Well lets begin with semantics. "Understanding the Nature of the World" What do you mean by this? I take it as the totality of knowlege about all that is real. By implication, if I know all that is real, then anything that falls outside that knowlege is by definition false. This requires at least 2 things. Perfect knowlege, and perfect reasoning. I maintain that to have perfect knowlege would require knowing the current state of all things. Perfect reasoning then gives the correct answers to whatever question is asked drawing from this aforementioned perfect knowlege. Let's stop here and breathe. Let's go back a bit to Kurt Godel. At the risk of oversimplification, he stated that there are both unknowable truths and falsehoods. The key word is unknowable. Now this says our knowlege is imperfect. If so, then our knowlege of current conditions is incomplete. If that is true, then what we think we know is real and true can be wrong. Now we may have the correct answer to a question on any number of questions, but the TOTALLITY of knowlege eludes us. So we examine, we test, but the "Nature of the world" always has something new to reveal.
If you think my definition is too stringent, or in error, then I suggest you consider this. I remember a bible story about God confounding the language of men at the tower of Babel. Something to the effect of "Let us go down and confound their language else they will be able to do whatever they imagine." Not an exact quote, but quite like it I think. Lets assume for arguments sake that we can do just that, by reason and imagination, we learn all that is knowable. Lets take this and run with it a bit.
Animals.
Yep animals. Mammals in particular. You can train a rat to find food in a maze. After enough trials, it remembers where it's food is. Further if you change the maze a little, it can figure out a path to the food. It drew upon its knowlege and found a path to its lunch. Rats have intelligence. Not much by our standards.

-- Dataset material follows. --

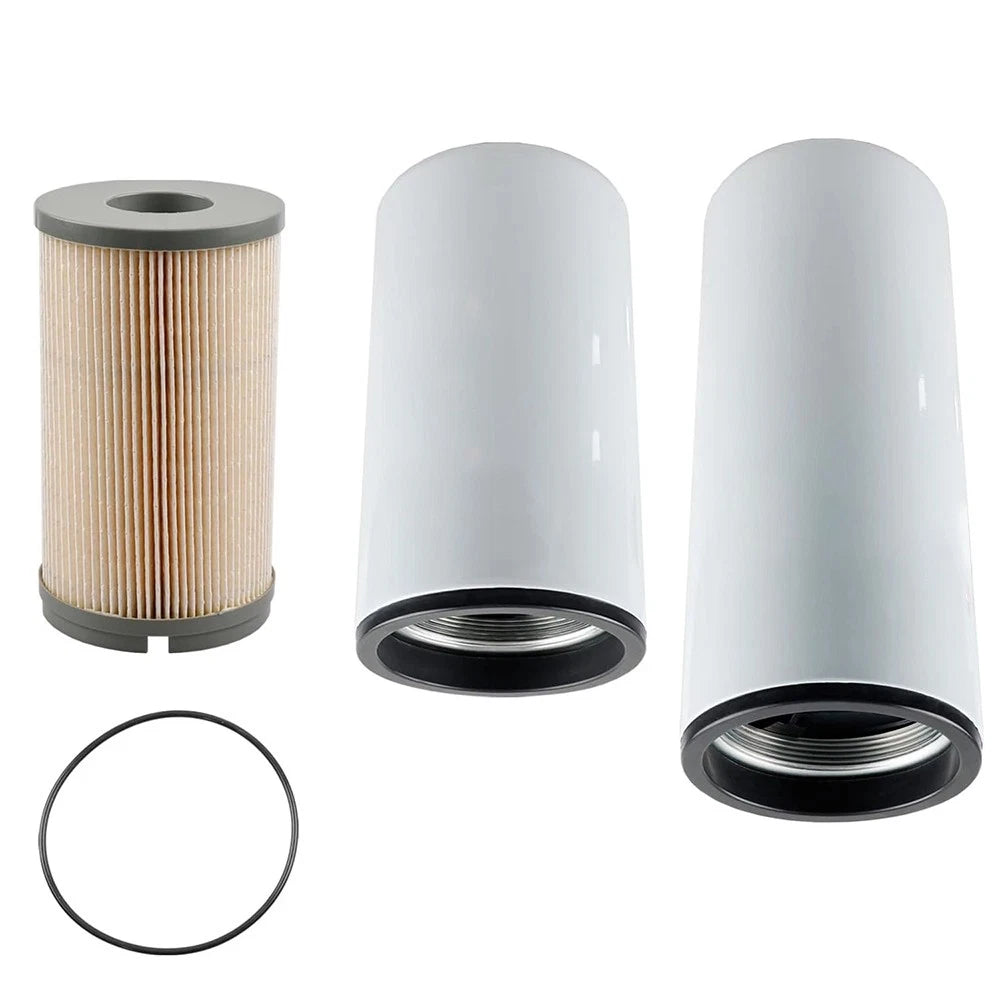 LF14000NN Oil Fuel Filters for Cummins ISX15 ISX12 ISX16 (Oil Change Kit)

Now take an ape. An ape can also do this trick, but much better. In fact apes can use tools, carry out complex interactions. They can predict future events based on past events. In other words they can REASON. It seems that that ability is limited. Can an ape imagine space flight? If so they are keeping it a great secret. Rats then? I doubt it. So what can a rat or a monkey do? Most likely what it can imagine, however primitively. So is it a fault in ourselves that we cannot teach a rat about Newtons Laws, or a chimp QED? Or is the animal at fault for being uncooperative? No, "fault" is a type mismatch. You cannot apply it here no more than you can ask about the marital status of the number 5. It is the nature of the creatures involved. Any adequate language or symbolism is forever beyond them. Remember an infinite number of monkeys typing forever may produce all the works of Shakespere, but NONE of the monkeys would grasp their meaning, at least not in our context. This leads to-
Axiom- A creature may not understand more than it can understand.
It therefore follows.
An ant can know what an ant can know.
A rat can know what a rat can know
An ape can know what an ape can know.
A human can know what a human can know.
Lets stop a moment. What correlates with what and how much a creature knows? The complexity of its central nervous system. I don't think this is contraversial, so I will proceed.

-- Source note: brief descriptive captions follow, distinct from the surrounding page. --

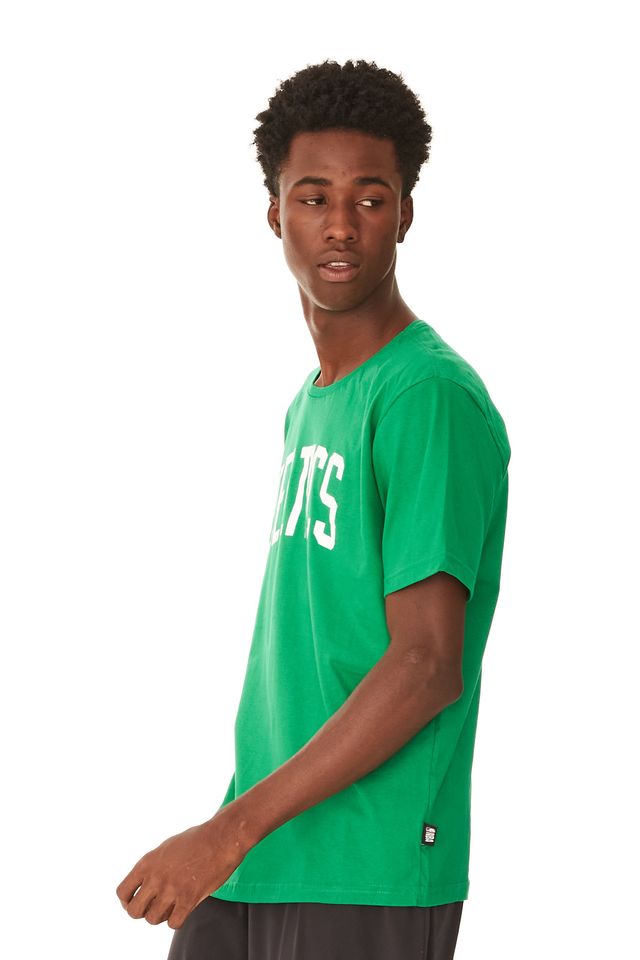 Camiseta-NBA-Estampada-Boston-Celtics-Verde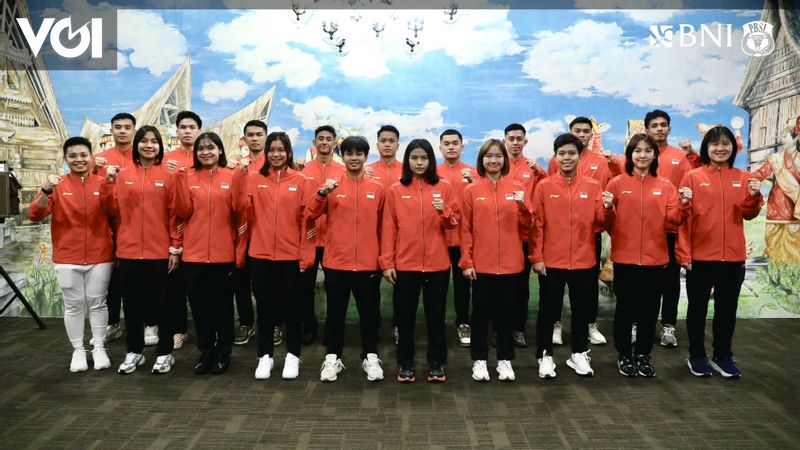 Dua Fokus Utama Tim Piala Thomas & Uber 2024 di Latihan&nbsp;Perdana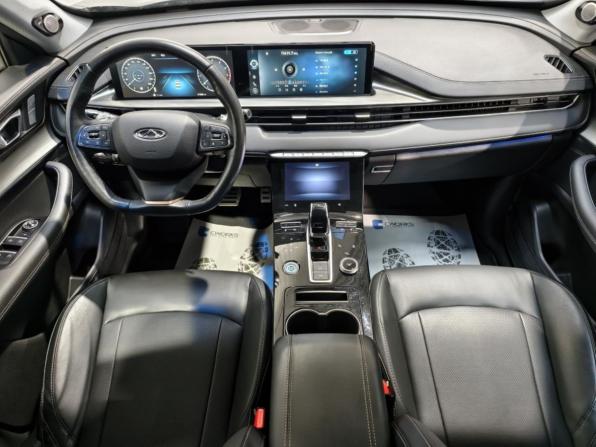 Chery Tiggo 8 Pro Max I с пробегом 2023 года, цена 2 449 100 рублей, 41603 км, внедорожник, Автокод Объявления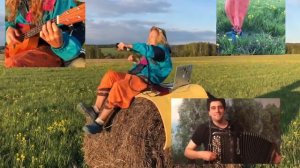 Располным полна моя коробочка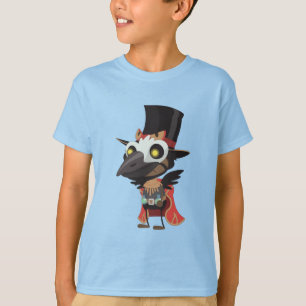 Youth Ringmaster Raven Tee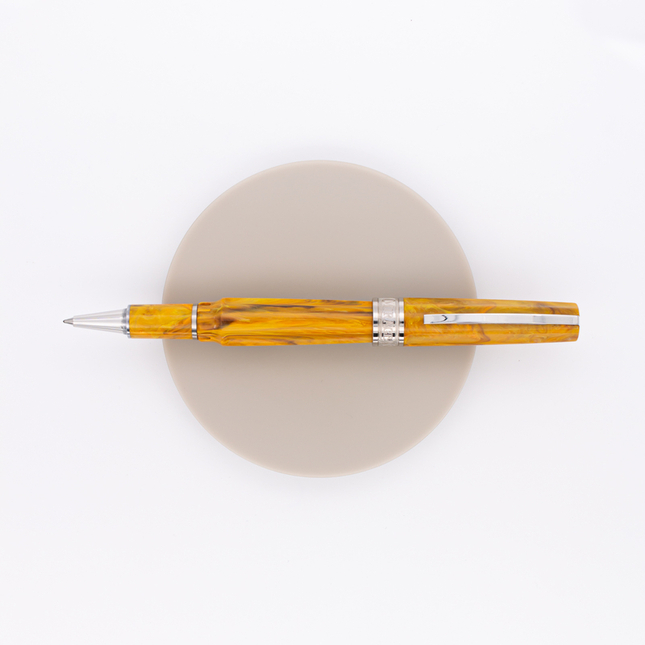 Visconti Mirage Rollerball Pen Amber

Rats know more than ants because rats are more complex neurologically
Apes- same as above.
Humans- same as above.
Now is there no evidence to suggest that human brains are inherently the last possible step in complexity.
So.. to go on a hypothetical limb, suppose there were a creature that was as neurologically advanced compared to us as we are to the rat. What would it be typing in its ATOT? Nothing we could comprehend. How long would it take to teach us what it knows? How many times do we have to talk to that dang rat before it gets the principles of internal combustion. So I will call this new creature a Grue.
Grues know more than humans ever can. So they know everything? Hey what about Bleems? Oh I forgot to mention them. They have a nervous system 5 orders of magnitude greater than the Grue.
so
Humans can know what humans can know
Grues can know what Grues can know
Bleems can know what Bleems can know
They all follow the Axiom.
Now this question- What level does a creature have to attain to know more than it can know?
It never happens. Therefore there is always a potential mind that can know more than any given mind. That mind can imagine more, it can reason more and most importantly be AWARE of more than us. We look through a glass, darkly.